Mari Quiñonero and her pastels on paper with the Taiwanese gallery Yiri Arts. The artist has created her own creative universe through different techniques that go from watercolor and acrylic to drawing and collage, to achieve her own quiet style where calm and order direct the look.
Luciano Ventrone and his extreme realism at the Italian Stefano Forni Gallery. Despite the fact that Luciano Ventrone is internationally recognized as one of the master realistic painters of his generation, he considers that his works are really about optics: "Painting is not about the mere representation of an object, but about its color and light". For each of his works, Ventrone carefully stages a theme under studio lights. Luciano's paintings "invite the viewer to an atmosphere of pure contemplation"; they are works of great skill and supreme aesthetic beauty. Ventrone shows things more clearly and distinctly than they appear to us in reality; everything is focused, everything is examined.

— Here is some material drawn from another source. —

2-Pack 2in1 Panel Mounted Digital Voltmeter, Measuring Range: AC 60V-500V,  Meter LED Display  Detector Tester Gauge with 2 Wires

The sculpture by Nicolas Laiz with his series "Nopalia". The artist unifies the natural and the artificial, what is desired and what is imposed. He works on the reflection, through different techniques, of concepts such as landscape, exoticism and the construction of nature as a cultural, social and economic concept.
Samuel Salcedo's amazing heads, 3 Punts Galeria. His sculptures and characters always question the viewer with their subtle irony and vulnerability. Salcedo's sculptural work is characterized by technical excellence. One can see his mastery in the diversity of the materials he uses (resin, wood, aluminum, bronze) and which he integrates into the painting.